- [Task brief]: Please output only the lines that begin at the line with "Nährwerttabelle für Madagascar" and run through the end of the entries below, exactly as written. Drop all pictures.
*** Records for this task ***
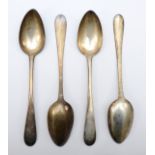 A George III Scottish silver set of four Old English pattern table spoons, by FH, Edinburgh 1803,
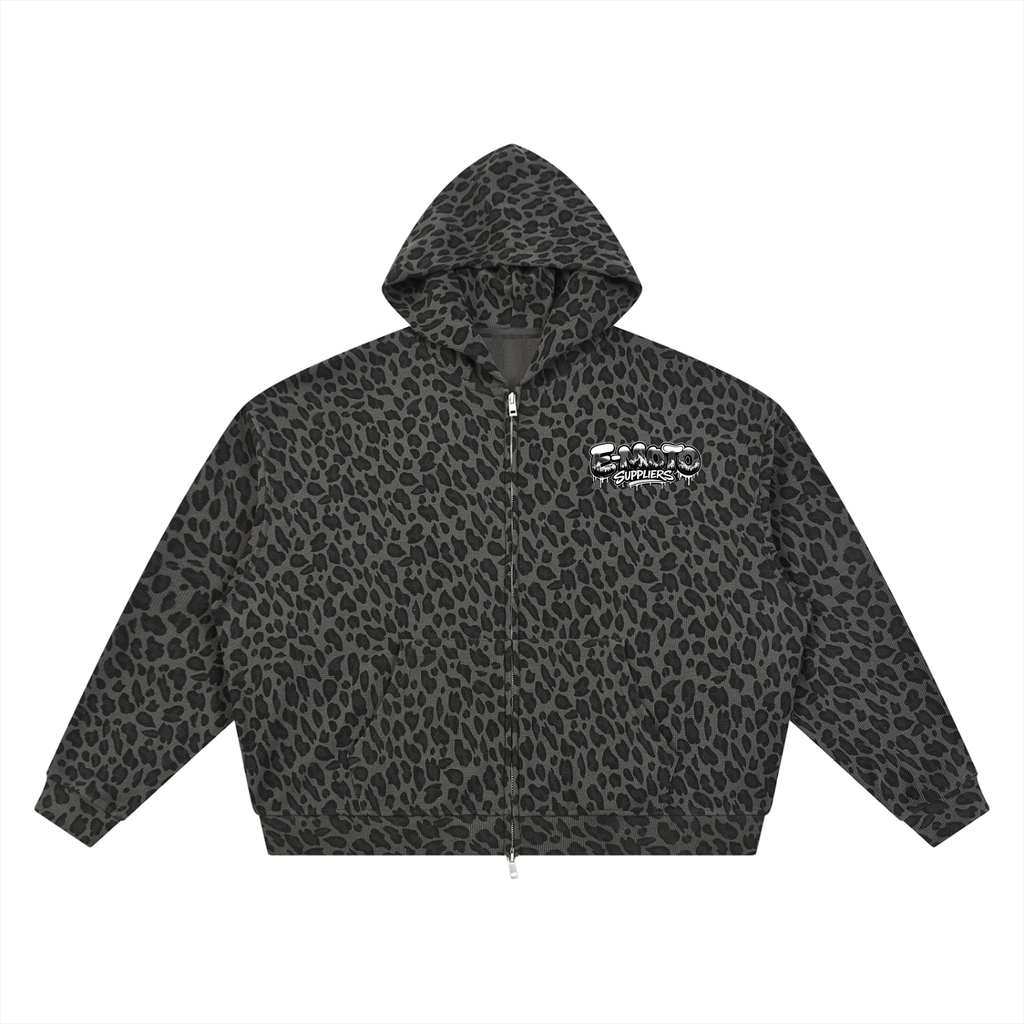E-MOTO SUPPLIERS leopard print zip up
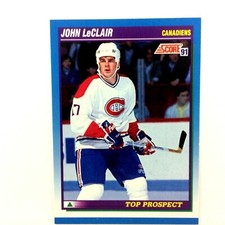 John LeClair 1991-92 Score Rookie Card #343 NHL Montreal Canadiens. rookie card picture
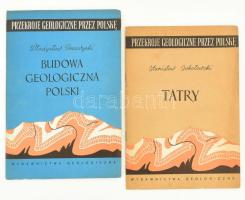 Przekroje Geologiczne Przez Polske, 2 kötet: Stanisław Sokołowski: Tatry. + Władysław Pozaryski: Budowa geologiczna Polski. Warszawa, 1958-1959, Wydawnictwa Geologiczne. Lengyel nyelven. Térkép-mellékletekkel. Kiadói tűzött papírkötés.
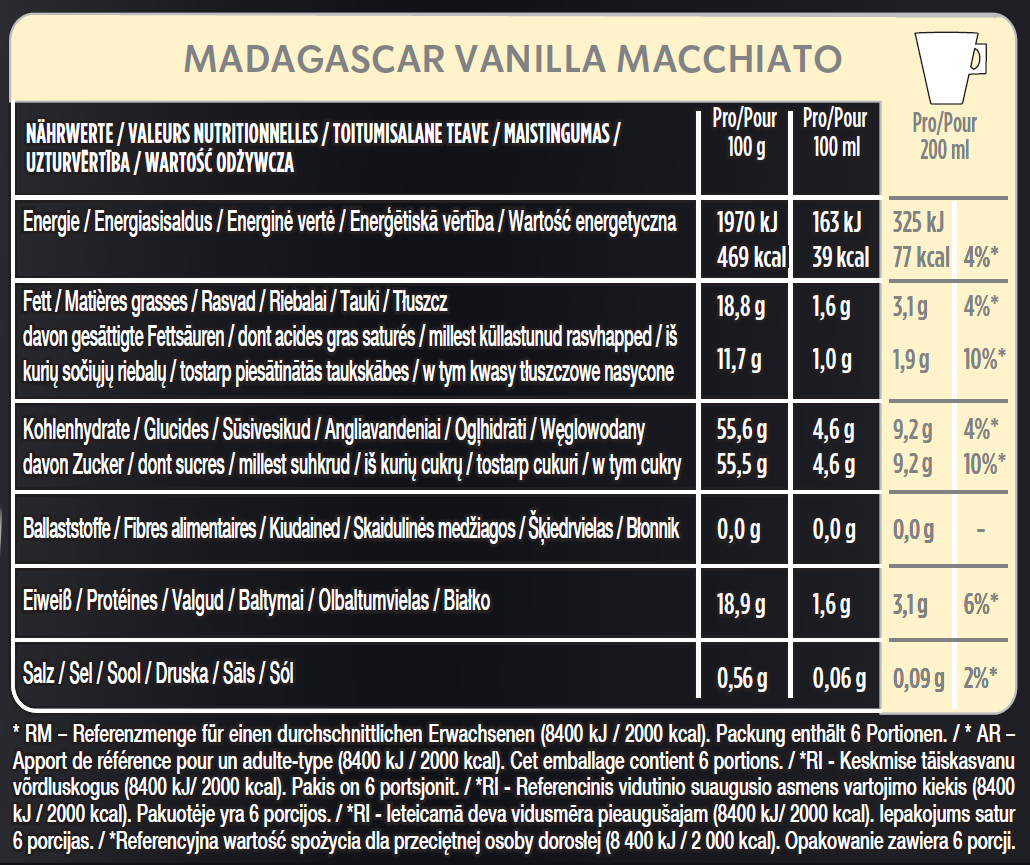 Nährwerttabelle für Madagascar Vanilla Macchiato.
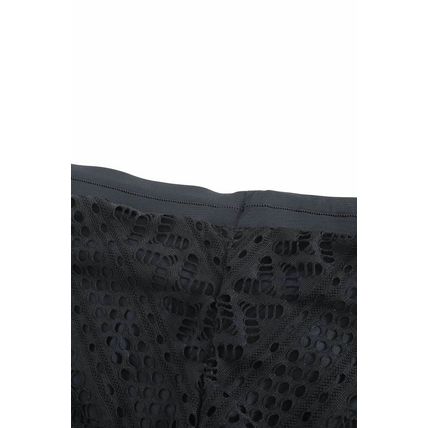 Black Hollow Out Lace Overlay Swim Short Bottom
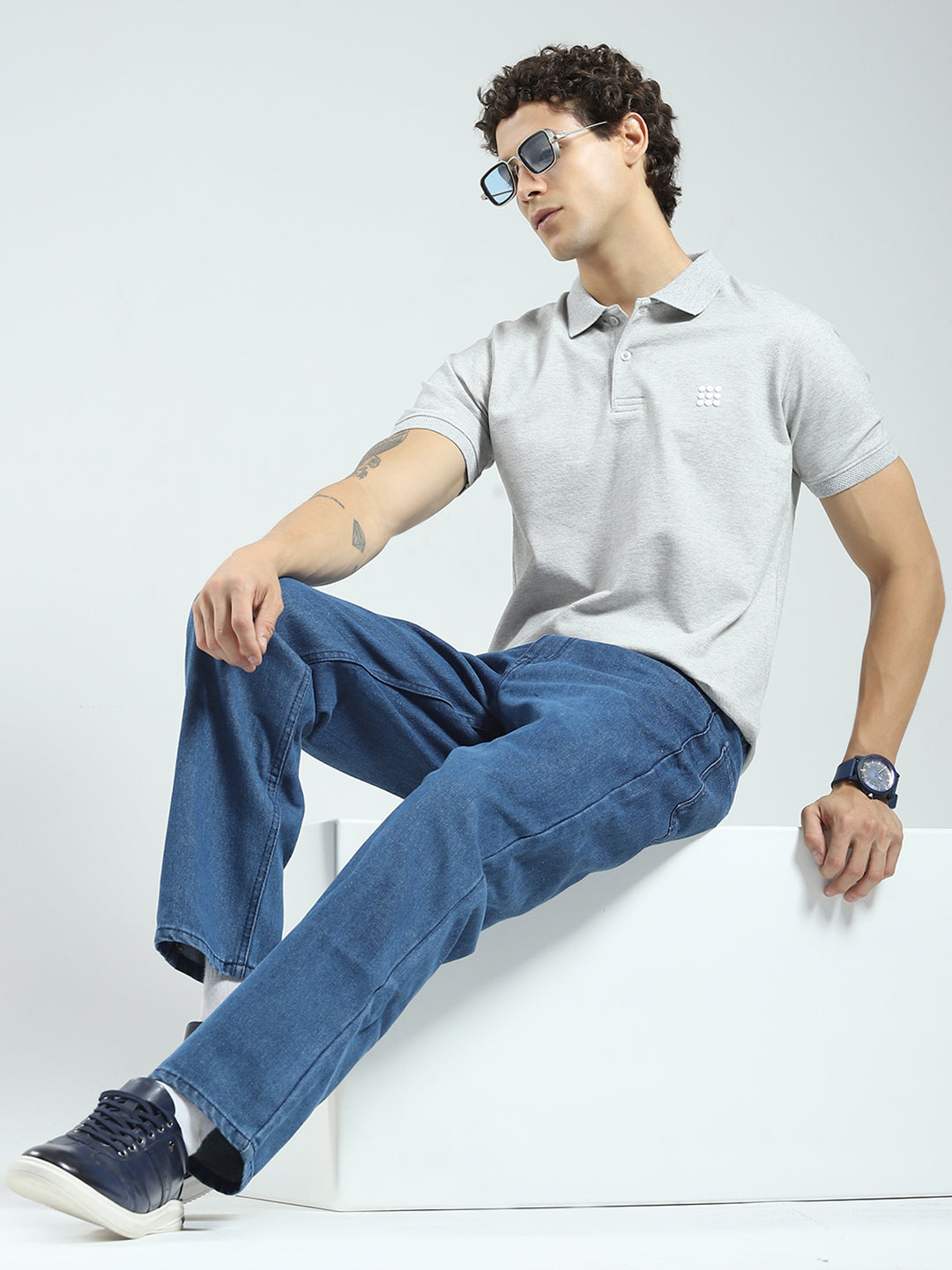 Rock.it Men Grey Solid Collar Half Sleeve T-Shirt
*** End of Records for this task ***
- [Exercise output]:
 Nährwerttabelle für Madagascar Vanilla Macchiato.
 Black Hollow Out Lace Overlay Swim Short Bottom
 Rock.it Men Grey Solid Collar Half Sleeve T-Shirt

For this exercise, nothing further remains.